Sanatçılar, aydınlar, bilim insanları toplumun ışıklarıdır.
Rehber, yol gösterici, önde gideni, örnek alınanı gibi kavramları kullanmak ya da kullanmamak siz saygın okurlarımızın tercihidir elbet…
Rol model alınan ayrıcalıklı insanlar oldukları için kimi zaman hak ettiklerinden çok daha fazlasını (dünyalık), kimi zaman ise hak etmedikleri biçimlerle cezalandırılırlar. Sanat insanları; “yüzü halka dönük” ya da bunun tam tersi, “ben sanatımı yapar geçerim” diyenler olarak ikiye ayrılırlar. Sezen Aksu örneği, ikinci örneklemedeki çarpıcı olanlarındandır. Boğaz manzaralı yalısında Lale Devri’ndeki sanatçıların ihtişamlı yaşam biçimindeki gibi, salt nefsi-egosu doğrultusunda bir tercih biçimidir onun tercihi. Şair Nedim ismini herkes duymuştur bir biçimde. Biyografisinin bir bölümünde şöyle yazar:
Bir şair olarak tanınma gayreti içindeki Nedim, Osmanlı Sadrazamı Ali Paşa'ya birkaç kaside yazdı. Topkapı Sarayı'na girişini sağlayan Ali Paşa'nın halefi olan Nevşehirli Damat İbrahim Paşa'ya yazdığı kasideler oldu. Lale Devri'nin sadrazamı olan Damat İbrahim'in himayesi altında daha sonra kendisini meşhur yapacak olan eserlerini ve yaşam tarzını ortaya koydu…
En yaygın söylenti; Patrona Halil İsyanı esnasında isyankârlardan kaçarken Beşiktaş'taki evinin çatısından düşerek öldüğü yönündedir.
Bir başka rivayet ise; Damat İbrahim Paşa ve şürekâsına yapılan işkenceden ötürü dehşete kapılıp korkudan öldüğü şeklindedir…

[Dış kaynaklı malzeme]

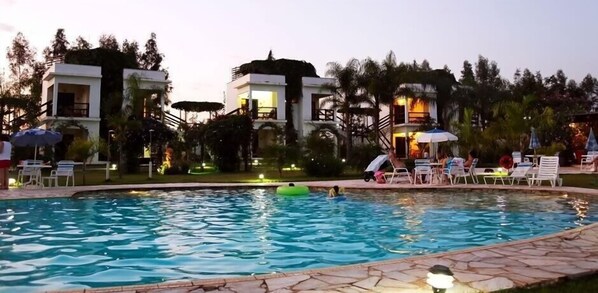 Outdoor pool, pool umbrellas, sun loungers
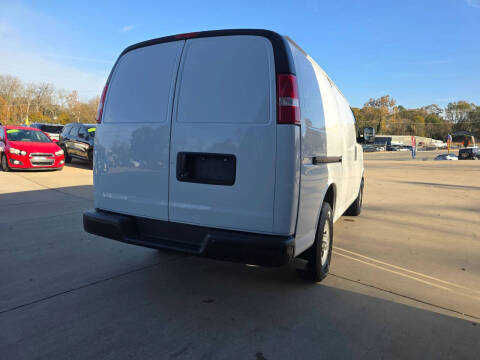 2021 Chevrolet Express 2500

Bir de yüzü halka dönük tanımına uyan bir sanatçıdan söz etmemiz gerek. Pir Sultan Abdal adını tüm Türkiye hatta dünyanın bir bölümü iyi bilmektedir. Kanunî Sultan Süleyman ile İran Şahı I. Tâhmasb zamanında yaşadı. İran şahının tahriki ile Osmanlı Devleti aleyhine olan isyana katıldığı ve İran lehine casusluk yaptığı gerekçesi ile Hızır Paşa tarafından Sivas'ta asıldı…
Nedim adı istisna anılır dünyada, Pir Sultan ise olabildiğince.
“Ne fark eder” demeyin, inanın bir dünya fark eder incelediğinizde.
Anadolu coğrafyasında sanat kimi zaman kovalansa da topraklarımızı asla terk etmemiştir. Her çileye, her acıya, her yasak ve her günaha karşı başı dik sanatçılar sayesinde yaşanır kılınmıştır. Sezen örneğinde olduğu gibi o modeller ben bestemi yapar, şarkımı söyler dalgama bakarım tercihini yol bellemiştir. Ama yüzü ve yüreği halka dönük olanlar ise yaşadıkları ömürleri boyunca tarifsiz acılarla baş başa bırakılmışlardır. İşin en acı yanı da; halkı-emeği-demokrasiyi-emekçiyi savunan türlerin ipini de hep halk çekmiştir. Pir Sultana yaptıkları biçimi ile darağacında iken ilk taşı halk atmıştır onlara…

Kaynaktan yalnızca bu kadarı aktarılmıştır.